◆ Source material
-------------------------
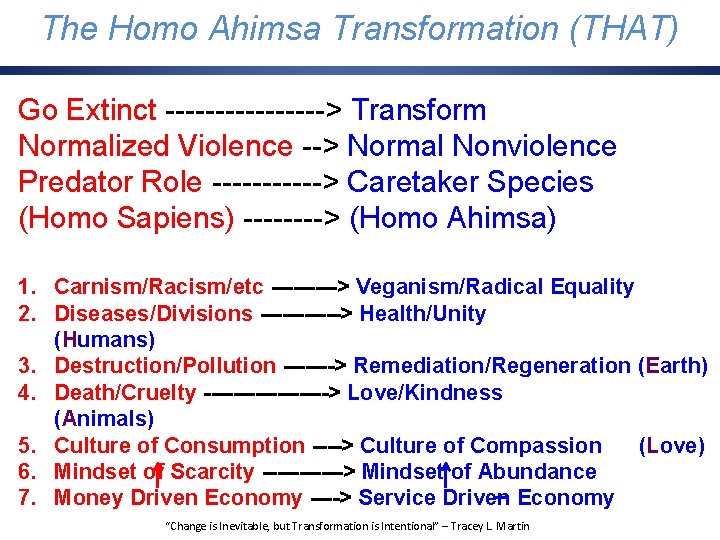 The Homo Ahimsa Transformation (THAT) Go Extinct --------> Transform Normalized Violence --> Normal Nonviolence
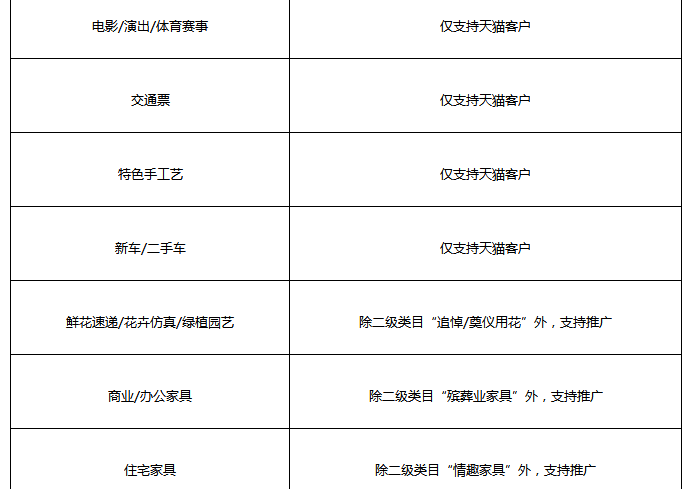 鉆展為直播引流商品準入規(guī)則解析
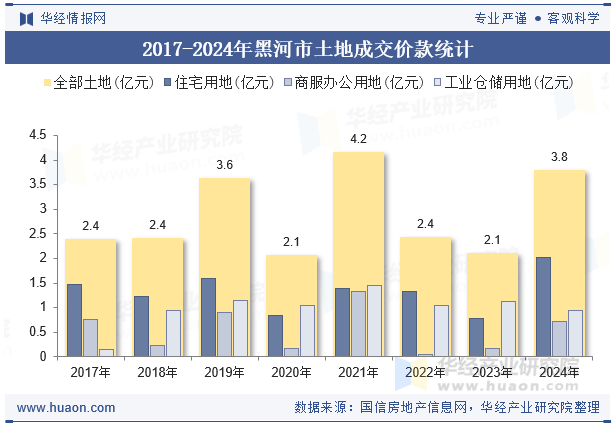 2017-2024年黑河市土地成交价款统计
-------------------------
◆ Assignment
Give the listing again exactly, but omit each image.

◆ Result
 The Homo Ahimsa Transformation (THAT) Go Extinct --------> Transform Normalized Violence --> Normal Nonviolence
 鉆展為直播引流商品準入規(guī)則解析
 2017-2024年黑河市土地成交价款统计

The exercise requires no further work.